KONK LIFE STAFF WRITER

The unanimous vote was perfunctory but the emotions underlying the final approval for a long-awaited senior assisted living facility were palpable at a Key West City Commission meeting on June 21.

Commissioners gave the last required approval for the major development plan for a 108-unit facility named Poinciana Gardens, to be located at 1664 Dunlap Drive in Poinciana Plaza, after the planning board did the same in April. The groundbreaking is expected to take place in August, with the facility open to new residents in the spring of 2018.

“We’ve been working on this for 15 years. I cannot tell you the immense impact this will have on our senior community,” said Ed Swift, co-chair of the Florida Keys Assisted Care Coalition.

“It’s been a long time coming,” said Mayor Craig Cates. “It’s just incredible it’s finally going to happen.”

Although tasked by city commissioners back in 2013 to develop and build a housing complex specifically for low and moderate income senior citizens who need assistance with meals, housekeeping and non-major health issues, the push for the facility has been going on for the last decade and a half. Four local women; Lucie Adams, Nancy Johnson, Molly Shallow and Betty Behrens first had the idea of building a senior housing facility, teaming up with Swift and Joan Higgs to form the Keys Assisted Care Coalition. But, said Coalition Board Coordinator Sandy Higgs, the project has gone through so many delays that three of the four original women have died. And while Poinciana Gardens will fill an important need in the community, most of the moderate-income Coalition members – who helped raise $400,000 over the past 15 years to pay for project and property research – won’t be able to meet the income qualifications to live in the facility. Ironically, they make too much money, Higgs said.
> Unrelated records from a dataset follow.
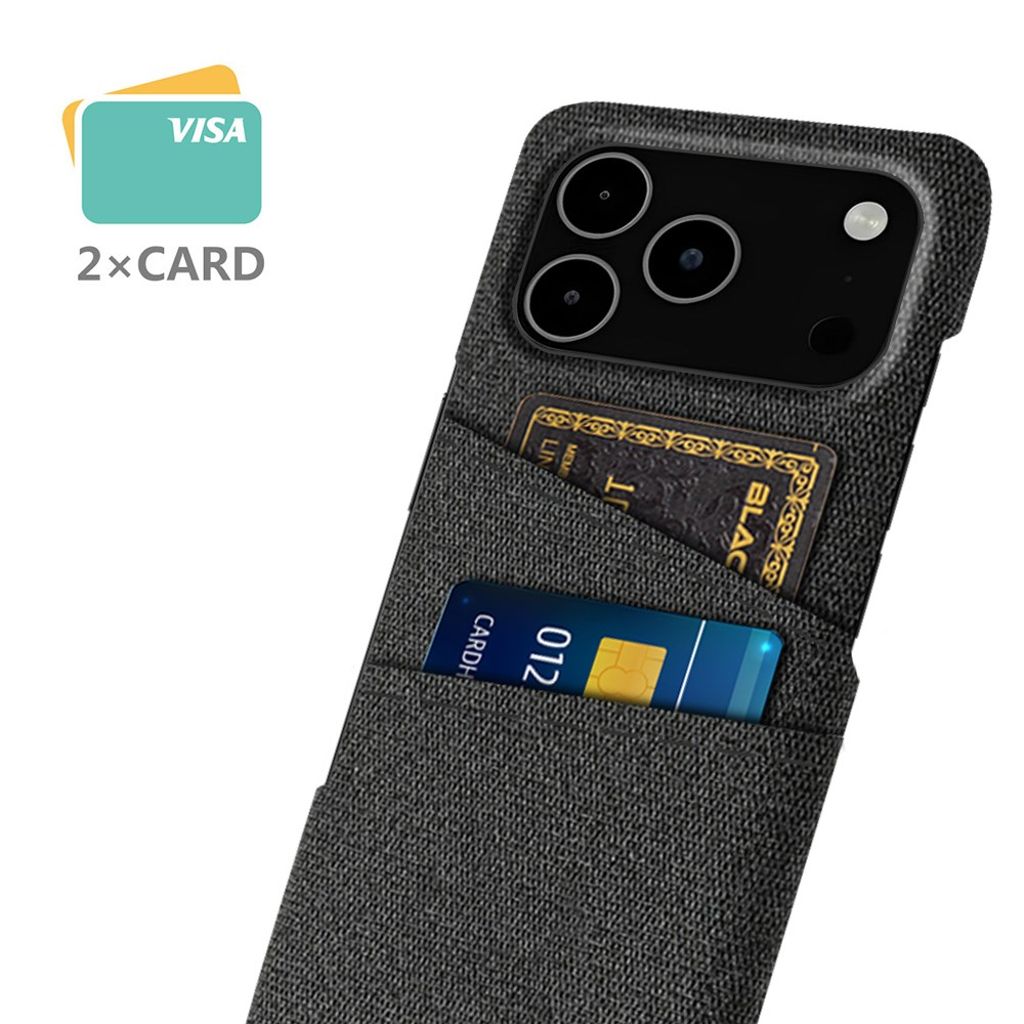 iPhone 17 Pro Max Skal i Textil med 2 Kortfack - Svart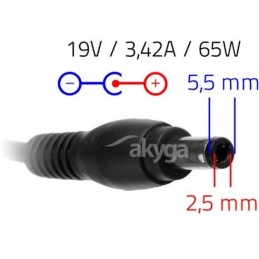 TRX Akyga 65W napájecí adaptér/ nabíječka/  Asus/ HP/ Toshiba/ 19V/ 3.42A/ 5.5x2.5mm konektor/ neoriginální
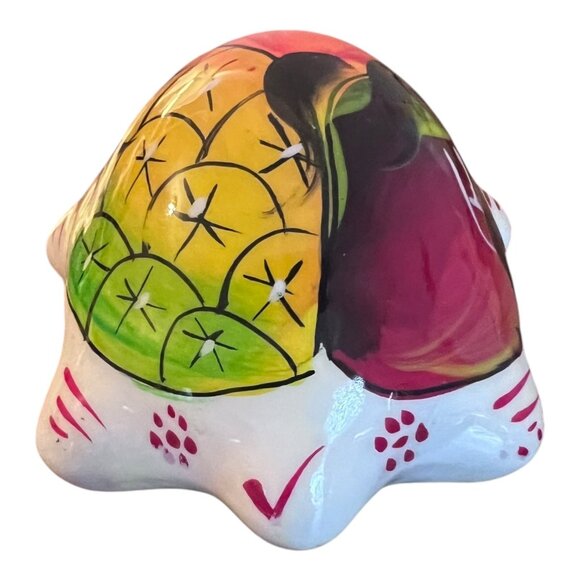 Vintage Ceramic Mexican Pottery Turtle Figurine 4" X 2" Tall - Picture 3 of 5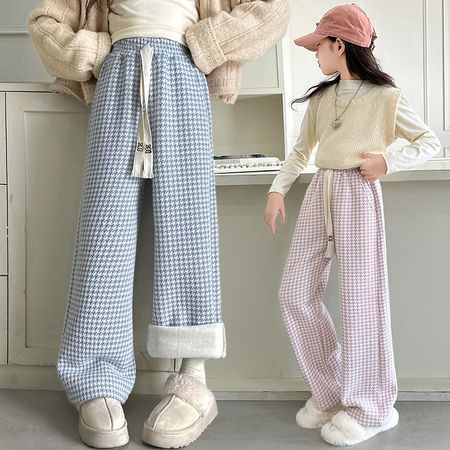 韩衣果儿&韩衣果儿&千鸟格加绒阔腿裤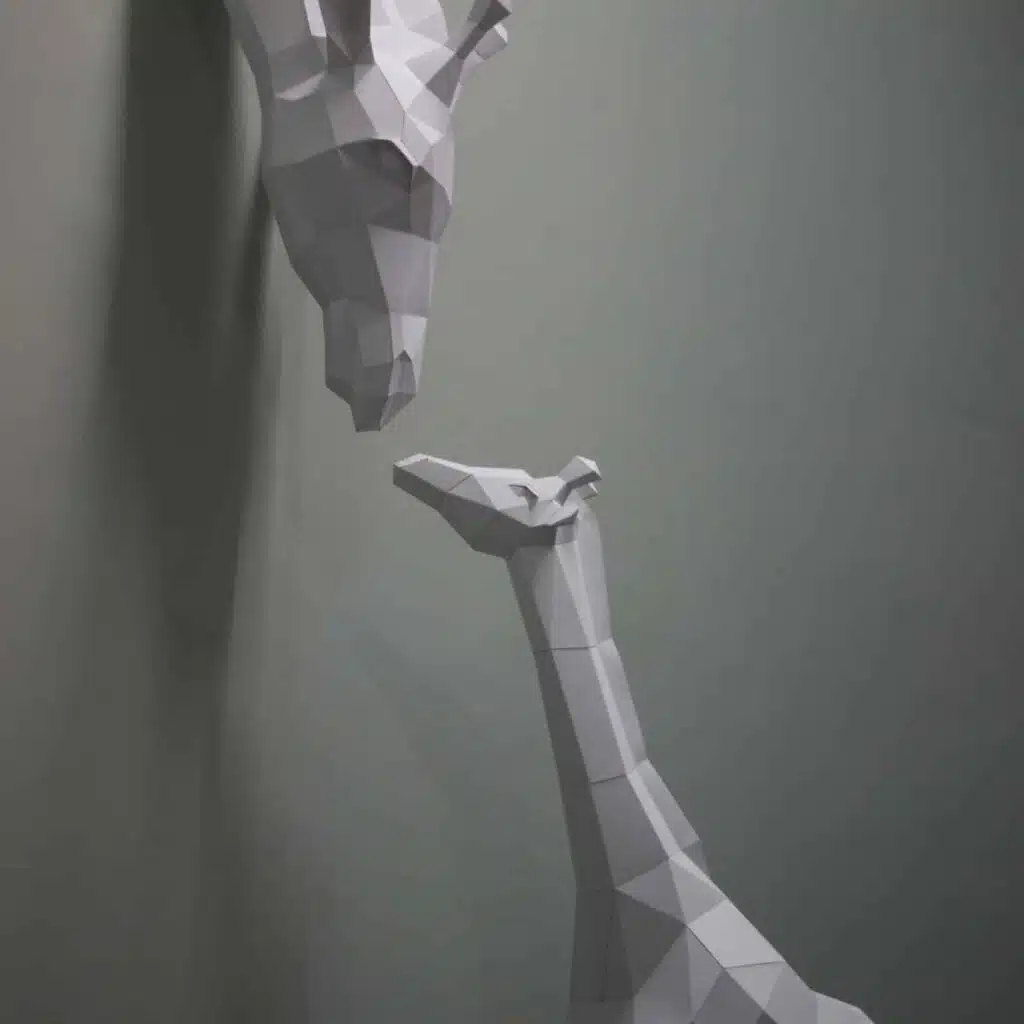 Papercraft de girafe mère et enfant en origami 3D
“As wonderful as this [Poinciana Gardens approval] is, and it is truly wonderful, while we’re happy, we’re also sad. None of the members of the Coalition will qualify. Not a one,” Higgs said, adding, “We’re in the middle of another mass exodus now. I know of six families who are leaving. You can’t squeeze the middle class more than they’re already being squeezed.”

The project came tantalizing close to approval a few years ago when commissioners considered a proposal to build the apartment building on city-owned land in what will now be the Truman Waterfront Park. But the motion needed a two-third vote to move ahead, not a simple majority, and it failed.

Since then, finding a parcel of land for the project has become difficult. But the Key West Housing Authority, led by executive director Manual Castillo, Jr., carved out a section inside of Poinciana Plaza, located at Duck Avenue and 17th Street. The new three-story structure will replace an existing, four-unit apartment building on the property and will provide 108 apartments for an estimated 140 people. The first two floors will have 60 apartments for more independent seniors, with the third floor offering 48 units with assisted living services, which include more care and supervision for residents.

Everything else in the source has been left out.